## Directions
Restate each entry shown beneath this instruction, keeping its wording intact.

## Material provided
BEGIN
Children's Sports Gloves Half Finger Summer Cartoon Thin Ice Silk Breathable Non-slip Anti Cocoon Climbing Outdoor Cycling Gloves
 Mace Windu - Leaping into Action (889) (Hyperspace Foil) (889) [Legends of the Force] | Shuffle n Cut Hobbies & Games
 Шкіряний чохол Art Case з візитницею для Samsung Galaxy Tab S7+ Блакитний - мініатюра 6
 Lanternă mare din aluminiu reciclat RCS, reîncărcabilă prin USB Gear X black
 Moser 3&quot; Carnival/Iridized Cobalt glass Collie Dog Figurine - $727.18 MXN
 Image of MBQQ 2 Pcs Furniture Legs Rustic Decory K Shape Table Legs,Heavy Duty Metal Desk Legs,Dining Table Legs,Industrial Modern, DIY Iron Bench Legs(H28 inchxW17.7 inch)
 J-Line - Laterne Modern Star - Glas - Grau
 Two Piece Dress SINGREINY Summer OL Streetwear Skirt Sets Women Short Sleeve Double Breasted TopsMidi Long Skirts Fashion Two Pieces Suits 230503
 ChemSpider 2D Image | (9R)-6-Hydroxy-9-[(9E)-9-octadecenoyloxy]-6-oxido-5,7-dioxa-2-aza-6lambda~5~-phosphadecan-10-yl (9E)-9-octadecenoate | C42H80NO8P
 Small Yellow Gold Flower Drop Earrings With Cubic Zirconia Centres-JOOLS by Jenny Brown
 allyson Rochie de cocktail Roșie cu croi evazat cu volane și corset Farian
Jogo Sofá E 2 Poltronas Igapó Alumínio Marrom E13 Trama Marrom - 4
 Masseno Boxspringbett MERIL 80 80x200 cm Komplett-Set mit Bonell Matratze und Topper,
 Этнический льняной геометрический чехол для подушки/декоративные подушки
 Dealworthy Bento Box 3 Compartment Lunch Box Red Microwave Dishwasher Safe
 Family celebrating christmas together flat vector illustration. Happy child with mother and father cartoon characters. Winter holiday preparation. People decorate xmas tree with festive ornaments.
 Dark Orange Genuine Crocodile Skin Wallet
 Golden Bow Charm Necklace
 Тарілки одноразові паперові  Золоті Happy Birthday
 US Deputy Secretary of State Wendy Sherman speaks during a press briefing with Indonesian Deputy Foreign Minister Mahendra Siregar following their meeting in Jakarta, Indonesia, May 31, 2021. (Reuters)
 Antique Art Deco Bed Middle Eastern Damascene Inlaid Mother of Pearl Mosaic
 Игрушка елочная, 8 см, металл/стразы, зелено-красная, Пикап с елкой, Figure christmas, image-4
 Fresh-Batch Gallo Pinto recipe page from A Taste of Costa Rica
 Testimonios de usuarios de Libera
END
## Reply to the task
Children's Sports Gloves Half Finger Summer Cartoon Thin Ice Silk Breathable Non-slip Anti Cocoon Climbing Outdoor Cycling Gloves
 Mace Windu - Leaping into Action (889) (Hyperspace Foil) (889) [Legends of the Force] | Shuffle n Cut Hobbies & Games
 Шкіряний чохол Art Case з візитницею для Samsung Galaxy Tab S7+ Блакитний - мініатюра 6
 Lanternă mare din aluminiu reciclat RCS, reîncărcabilă prin USB Gear X black
 Moser 3&quot; Carnival/Iridized Cobalt glass Collie Dog Figurine - $727.18 MXN
 Image of MBQQ 2 Pcs Furniture Legs Rustic Decory K Shape Table Legs,Heavy Duty Metal Desk Legs,Dining Table Legs,Industrial Modern, DIY Iron Bench Legs(H28 inchxW17.7 inch)
 J-Line - Laterne Modern Star - Glas - Grau
 Two Piece Dress SINGREINY Summer OL Streetwear Skirt Sets Women Short Sleeve Double Breasted TopsMidi Long Skirts Fashion Two Pieces Suits 230503
 ChemSpider 2D Image | (9R)-6-Hydroxy-9-[(9E)-9-octadecenoyloxy]-6-oxido-5,7-dioxa-2-aza-6lambda~5~-phosphadecan-10-yl (9E)-9-octadecenoate | C42H80NO8P
 Small Yellow Gold Flower Drop Earrings With Cubic Zirconia Centres-JOOLS by Jenny Brown
 allyson Rochie de cocktail Roșie cu croi evazat cu volane și corset Farian
Jogo Sofá E 2 Poltronas Igapó Alumínio Marrom E13 Trama Marrom - 4
 Masseno Boxspringbett MERIL 80 80x200 cm Komplett-Set mit Bonell Matratze und Topper,
 Этнический льняной геометрический чехол для подушки/декоративные подушки
 Dealworthy Bento Box 3 Compartment Lunch Box Red Microwave Dishwasher Safe
 Family celebrating christmas together flat vector illustration. Happy child with mother and father cartoon characters. Winter holiday preparation. People decorate xmas tree with festive ornaments.
 Dark Orange Genuine Crocodile Skin Wallet
 Golden Bow Charm Necklace
 Тарілки одноразові паперові  Золоті Happy Birthday
 US Deputy Secretary of State Wendy Sherman speaks during a press briefing with Indonesian Deputy Foreign Minister Mahendra Siregar following their meeting in Jakarta, Indonesia, May 31, 2021. (Reuters)
 Antique Art Deco Bed Middle Eastern Damascene Inlaid Mother of Pearl Mosaic
 Игрушка елочная, 8 см, металл/стразы, зелено-красная, Пикап с елкой, Figure christmas, image-4
 Fresh-Batch Gallo Pinto recipe page from A Taste of Costa Rica
 Testimonios de usuarios de Libera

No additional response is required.